To do:
Retype, exactly and with both ends included, the lines below from the one containing "Used Nissan Juke" through the end; omit the pictures.

Available data START

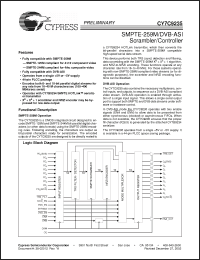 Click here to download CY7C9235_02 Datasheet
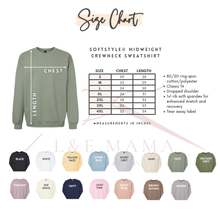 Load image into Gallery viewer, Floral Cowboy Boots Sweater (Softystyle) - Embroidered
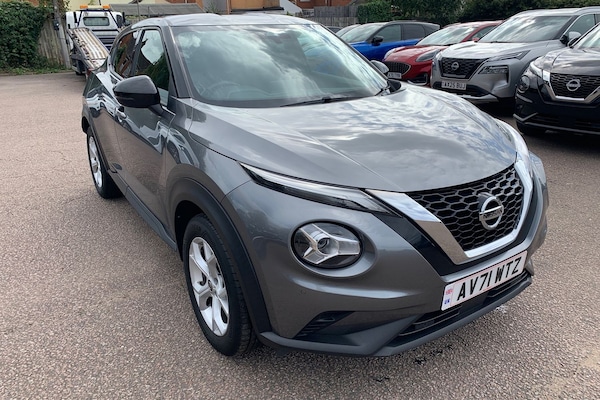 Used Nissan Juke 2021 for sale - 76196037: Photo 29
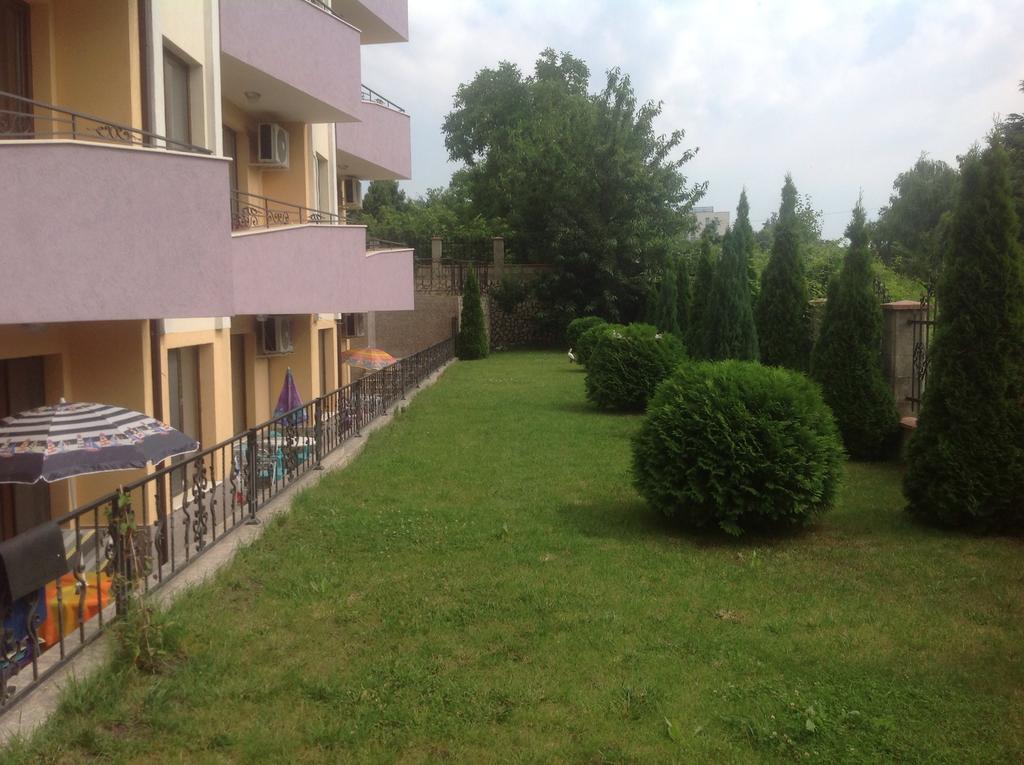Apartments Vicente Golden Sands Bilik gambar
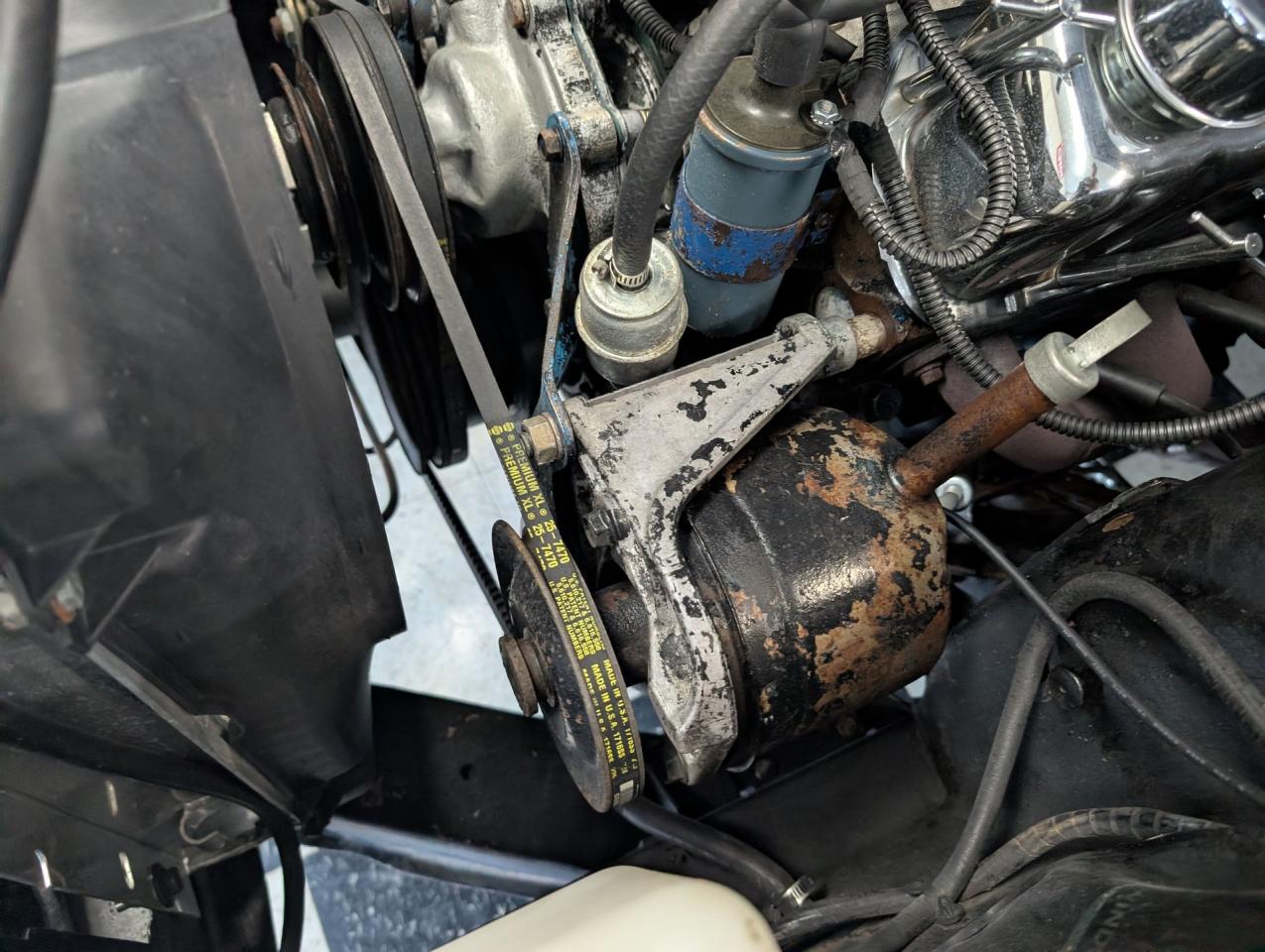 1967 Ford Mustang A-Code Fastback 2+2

Available data END

Solution for this task:
 Used Nissan Juke 2021 for sale - 76196037: Photo 29
Apartments Vicente Golden Sands Bilik gambar
 1967 Ford Mustang A-Code Fastback 2+2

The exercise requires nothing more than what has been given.